GIVEN ENTRIES -
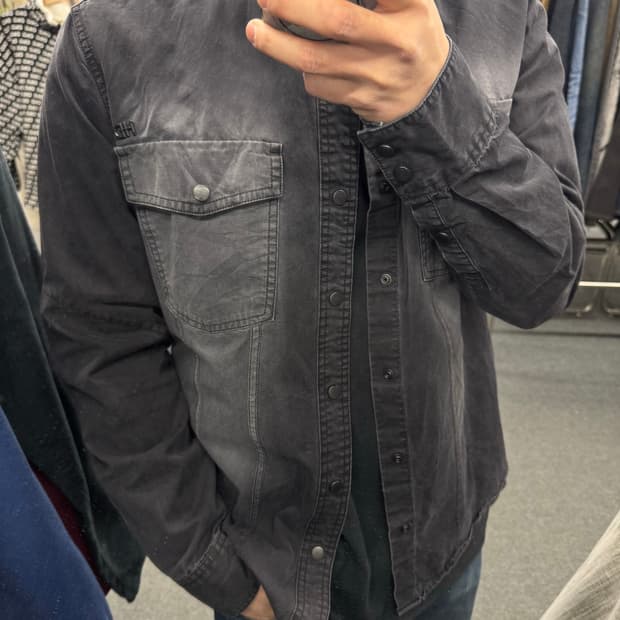 L)할리데이비슨 vintage 블랙 스톤 워싱 데님 긴팔셔츠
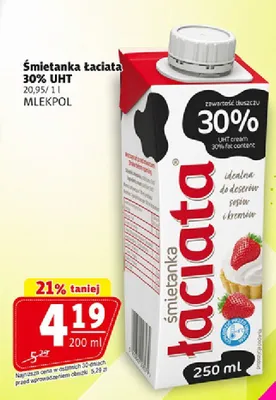 Śmietanka Łaciata 30% UHT promocja w Prim Market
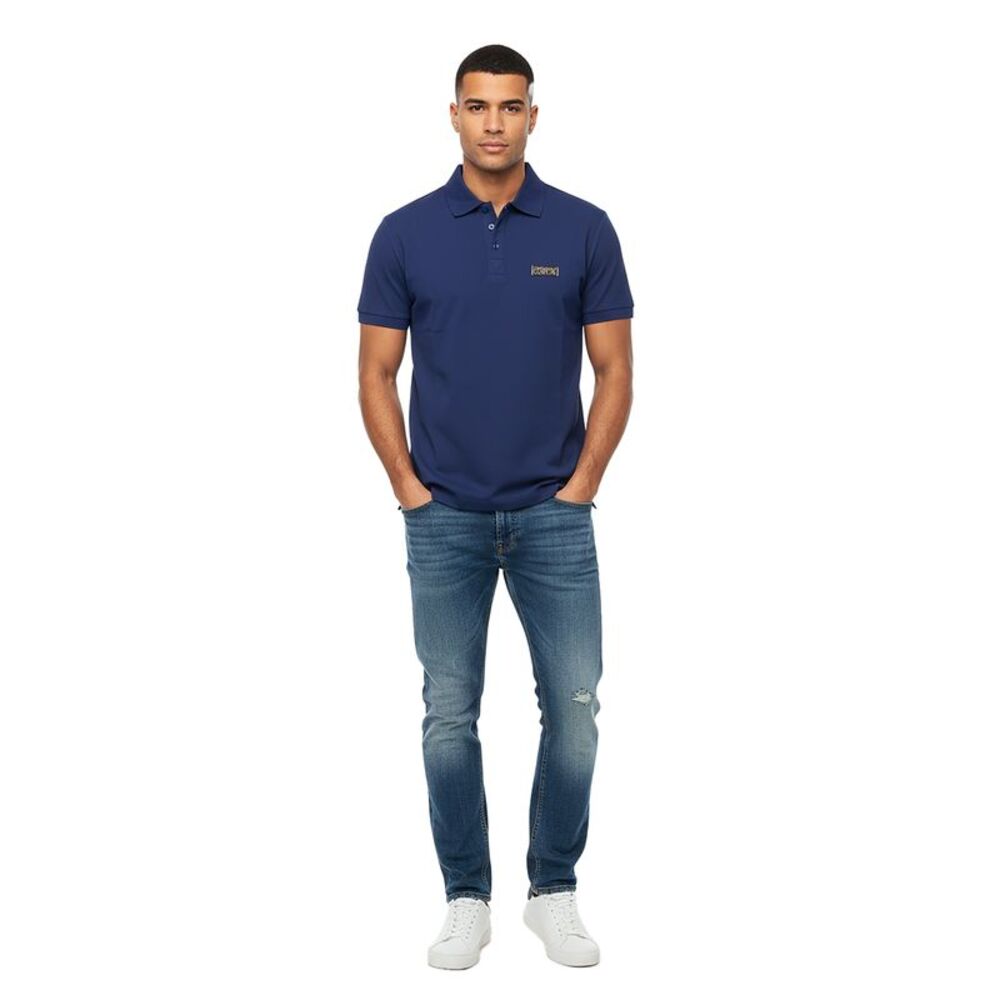 Versace Jeans Couture Steel Blue Mens Polo Shirt With Metal Logo Detail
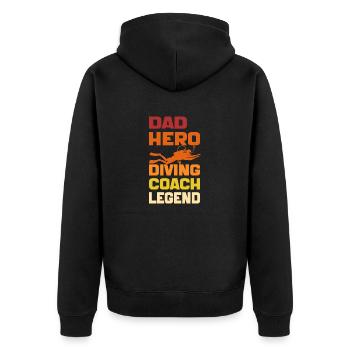 Dad Hero Diving Coach Legend Funny Diving Dad 2024 - Veste à capuche bio Premium Unisexe - noir - Dos - Nico (187cm)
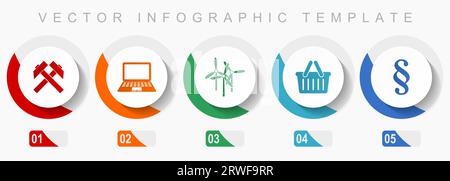 Commerce icon set, miscellaneous icons such as mining, laptop, wind turbine, shop basket and law, flat design vector infographic template, web buttons Stock Vector
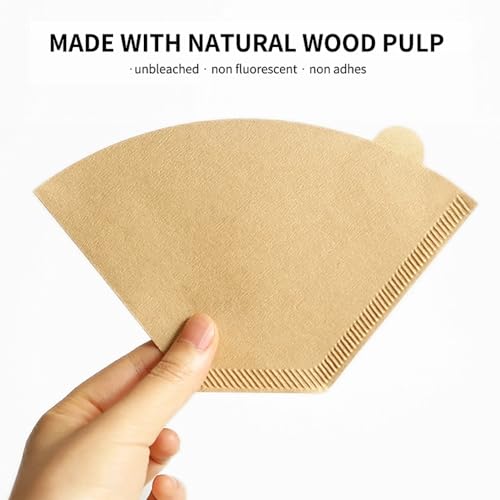 300 Natural Unbleached Cone Coffee Filters - Pack of 300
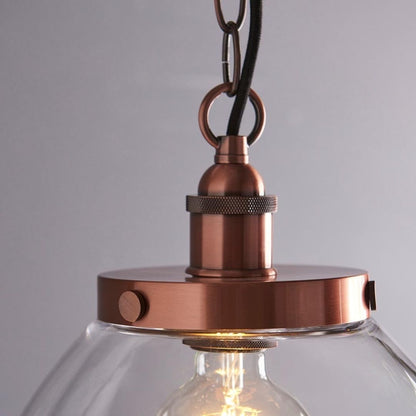 Hansen Copper & Glass Pendant Ceiling Light Large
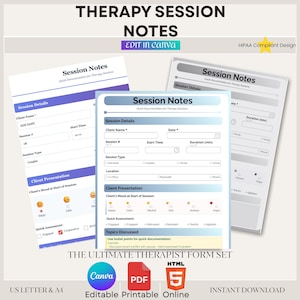 Puede incluir: Un conjunto de plantillas editables de notas de sesión de terapia. Los formularios incluyen secciones para detalles del cliente, tipo de sesión, evaluación del estado de ánimo y temas discutidos. Diseño compatible con HIPAA.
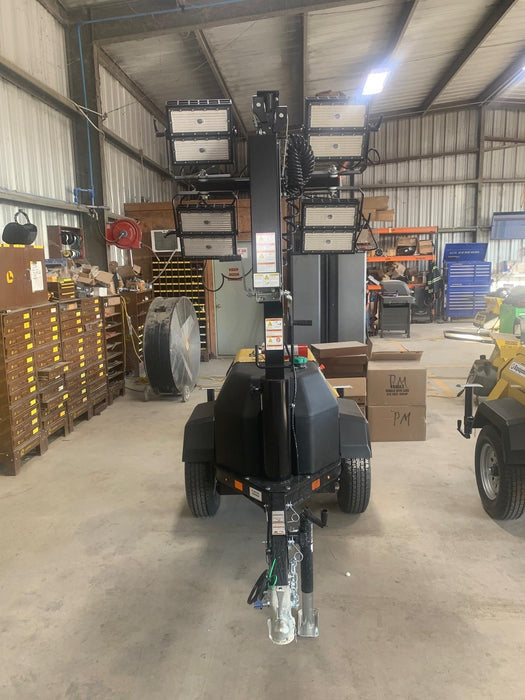 2022 Allmand NLV3GR (4) LED Light Fixture 350W, 23' Vertical Mast, 3kW Prime, Towable, Deep Sea L401, Leveling Jacks, Yanmar T4F 5.8hp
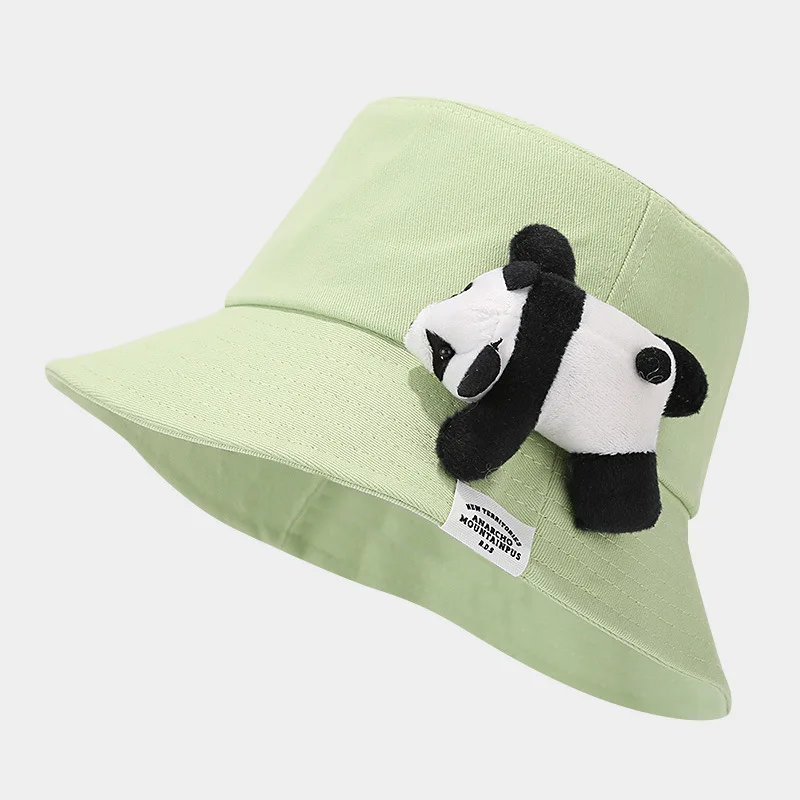 Classic Plain 3D Plush Panda Bucket Hats Candy Color For Adults Kids Custom Design Hats For Memorial Gifts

BRIEF -
A verbatim copy of the records is expected, from their first line through the line with "Dad Hero Diving", inclusive, with the pictures removed.

ANSWER TO THE PROBLEM -
 L)할리데이비슨 vintage 블랙 스톤 워싱 데님 긴팔셔츠
 Śmietanka Łaciata 30% UHT promocja w Prim Market
 Versace Jeans Couture Steel Blue Mens Polo Shirt With Metal Logo Detail
 Dad Hero Diving Coach Legend Funny Diving Dad 2024 - Veste à capuche bio Premium Unisexe - noir - Dos - Nico (187cm)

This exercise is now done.